International House is committed to providing residents with opportunities for cross-cultural education and growth. In honor of Black History Month, we resurface this post about a meaningful experience we were able to share with Residents thanks to the generosity of our donors. in April of 2018, 20 International House residents visited four cities in the American South to learn about the history of the American Civil Rights movement. For each resident, learning about the movement’s history proved transformational. “This trip has enabled me to gain a greater understanding not only of the historical facts related to the fight against segregation and racial discrimination in voting, but also the leaders’ motives and ability to mobilize the whole country for such a noble cause,” noted resident Evans Atis. Dubbed “The Southern Trip” by residents and organizers, the trip took residents to Atlanta, Georgia and three cities in Alabama: Birmingham, Selma, and Montgomery. Residents explored an extensive range of memorials, museums, and historical locations, including the just-opened National Memorial for Peace & Justice, which memorializes lynching victims, and the Legacy Museum and Memorial, which traces the line from enslavement to current U.S.  mass incarceration laws and practices. Other highlights included visits to the King Memorial Baptist Church, the Southern Poverty Law Center, and a walk across the Edmund Pettus Bridge in Selma, which was the focus of an historic march and a 2014 film. Throughout the trip, residents were immersed  in the physical environments where much of the Civil Rights movement occurred. They also gained direct insight into the costs that its leaders and participants paid for their moral courage. For instance, an exhibit at the Center for Civil and Human Rights in Atlanta provided insight into the physical experience of being beaten. At another point, as they toured an area called Dynamite Hill in Birmingham, they met a man who grew up in the area and recalled the Klu Klax Klan’s attacks upon its residents, as well as a visit by President John F. Kennedy to his family’s house.

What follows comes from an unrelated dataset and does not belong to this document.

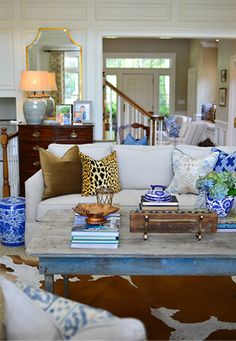 the living room is decorated with blue and white decor, including cow hide rugs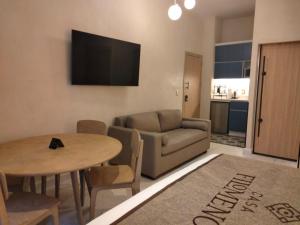 a living room with a couch and a table at Confortable Studio in the heart of Mexico in Mexico City +12 photos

The trip’s organizers asked residents to think about how the civil rights movement is part of the modern American experience, as well as its implications internationally.
“I believe the main lesson I have gained from this incredibly powerful and insightful trip is that I have to do the work,” resident Ya’arah Pinhas reflected. “I have to be responsible for asking the challenging and hurtful questions about my country’s unjust past and present.”
The American Civil Rights movement was marked by political, social, and legal progress on a broad spectrum of issues, including desegregation, discrimination, and voting rights. It was centered on African American communities, but the resultant laws, enacted in the mid-1950s and throughout the 1960s, affected every American. The movement’s leaders included Rosa Parks and Martin Luther King, Jr., who won the Nobel Prize for his work. The extraordinary opportunity was made possible by the Fund II Foundation and former International House trustee Anthony Spikes. The field trip was envisioned as part of a broader initiative that provides International House residents with the opportunities to participate in transformative, immersive, issues-focused field trips. While the trips occur in the United States, they focus on many of the same critical issues that residents must be prepared to address in their home communities as they step into leadership roles.